→ **EXERCISE DATA**:
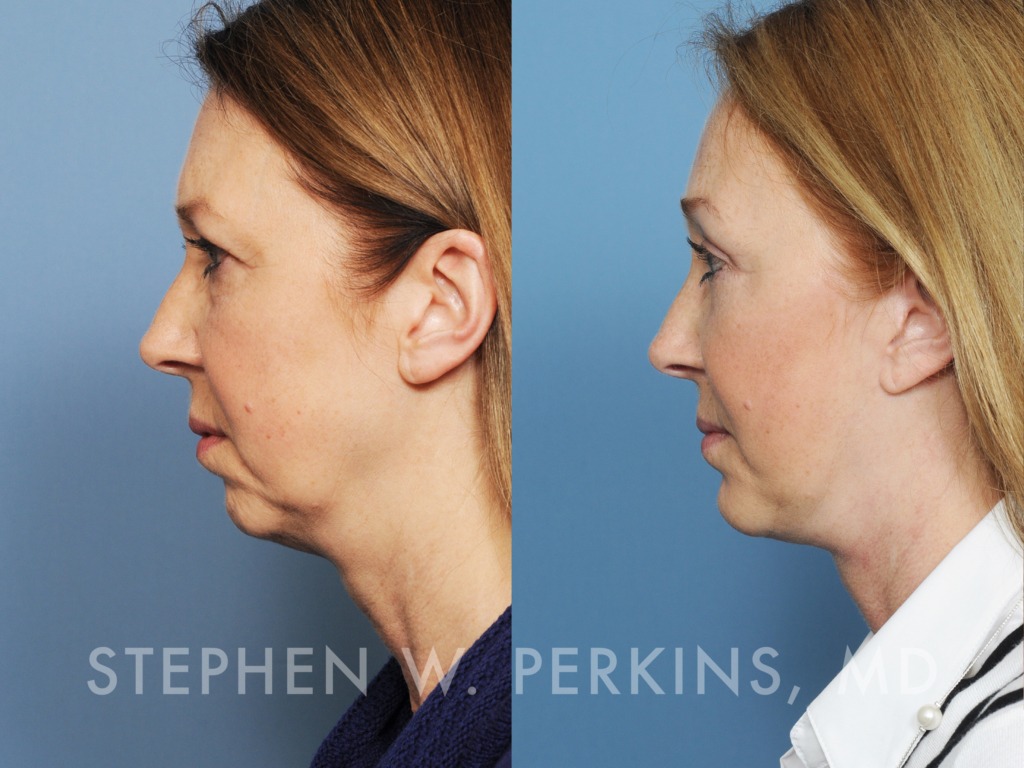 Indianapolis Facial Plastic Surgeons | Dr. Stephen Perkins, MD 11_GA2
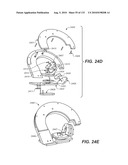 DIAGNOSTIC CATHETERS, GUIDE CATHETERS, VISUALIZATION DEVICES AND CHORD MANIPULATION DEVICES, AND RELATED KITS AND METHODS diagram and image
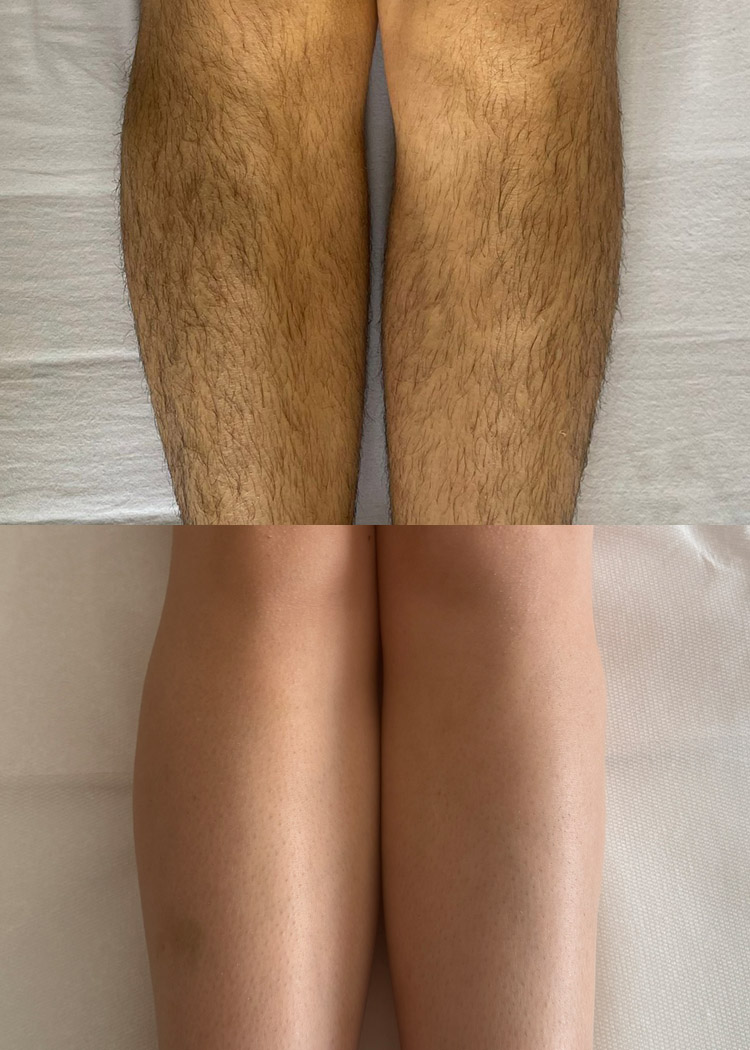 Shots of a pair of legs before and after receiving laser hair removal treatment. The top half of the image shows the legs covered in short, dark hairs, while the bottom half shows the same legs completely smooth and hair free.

--

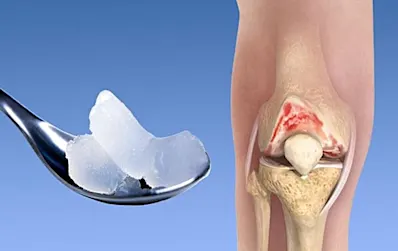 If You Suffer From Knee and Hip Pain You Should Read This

→ **WHAT TO PRODUCE**:
All that should be printed is the run of lines above from the one with "DIAGNOSTIC CATHETERS, GUIDE" through the one with "Shots of a pair", both included, exactly as given, with pictures left out.

→ **ANSWER FOR THIS EXERCISE**:
 DIAGNOSTIC CATHETERS, GUIDE CATHETERS, VISUALIZATION DEVICES AND CHORD MANIPULATION DEVICES, AND RELATED KITS AND METHODS diagram and image
 Shots of a pair of legs before and after receiving laser hair removal treatment. The top half of the image shows the legs covered in short, dark hairs, while the bottom half shows the same legs completely smooth and hair free.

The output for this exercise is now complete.